His best-known structure in Tucson is the Dove of Peace Lutheran Church on West Roller Coaster Road, built in the early 1960s. He won a regional American Association of Architects award for what was then considered a futuristic design.
"He was a dedicated modernist and I think his work was extremely well-conceived and very thoughtfully conceived," said architect Jim Gresham, who knew Lockard for 51 years. "His use of materials was very honest and very simple; I think of very lasting value.
"I used to kid him that he loved symmetry. That was kind of an architects' joke. The Dove of Peace Lutheran Church is very symmetrical. The odd thing is, most modernists don't design in a symmetrical way. They design in an asymmetrical way. Kirby had this wonderful feeling for symmetry and it permeated his work to a large extent," Gresham said. "He had sort of a light-handed touch to all his work, which I think is reflective of his personality."
Lockard, said UA professor and architect Bill Stamm, "is the whole reason I came to teach at the UA."
Stamm was teaching at a Minnesota university when he met Lockard in the late 1960s and Lockard gave him a draft of his first book, "Drawing as a Means to Architecture."
"We used that thing until it fell apart," Stamm said.
A few years later, Stamm was offered a job at the UA. When he learned Lockard was there, he immediately accepted the job.
"He was seriously one of the major, major guys — if not the major guy — in the teaching of architectural drawing; certainly in America, if not in the whole world," Stamm said. "He really was a famous, famous guy and you would never know it. The guy was the most humble guy you've ever met. It was one of the luckiest things that ever happened to me to be able to teach with him."
Fortunate, too, for students.
Architect Kim Fernandez transferred from Arizona State University to the UA after taking a summer class in the late 1980s that was taught by Lockard and emphasized design communication.
"He was instrumental to get me to decide to attend the UA," she said. "As an architect, the way you draw, the way you communicate the ideas in your head to your clients, to your staff members, to yourself as you are trying to work out the design, all of that is design communication and he was a master at that.

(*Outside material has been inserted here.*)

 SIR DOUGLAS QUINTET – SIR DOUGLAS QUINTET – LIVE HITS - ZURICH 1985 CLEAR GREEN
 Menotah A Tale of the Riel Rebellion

"You can have the greatest ideas, but if you can't communicate them, they will never become reality."
Teaching future architects to draw seems obvious, but it's not as common as it should be, said one of Lockard's three children, Scott, who also is an architect.
"If you're just drawing lines and don't really know what it's going to look like when it's done, that's not good," he said. "You're more effective as a designer if you can draw it with perspective in mind. As much as that seems that would be a normal architectural skill, you don't find that very often. They don't have the training to design in three dimensions."

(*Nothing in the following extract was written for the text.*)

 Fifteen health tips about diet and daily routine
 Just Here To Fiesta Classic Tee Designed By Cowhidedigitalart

A professor with Lockard's global reputation typically would teach upper-division classes and graduate students, Slingerland said, but Lockard taught freshmen to draw; students who weren't even admitted to the professional phase of the architecture program.
In his teaching, Stamm still uses a series of educational videos Lockard made to teach architectural drawing.
"He had an amazing ability to communicate ideas," said College of Architecture Dean Chuck Albanese, who knew Lockard 40 years. "What he was so capable of was having students rise far above their ability and understanding and learn aspects of architecture basically through the act of creating it."
Lockard's own architectural drawings from trips the faculty members took to Europe are so artistic that Albanese is working with Lockard's wife of 34 years, Peggy, and his son to compile a book of his drawings.
He said his college will host a September event to celebrate Lockard's achievements.
"When they finally have a tribute here for him, I think former students from every corner of the world will show up," Stamm said. "He had such a profound effect on so many students from around the world. People from all over the country are indebted to him."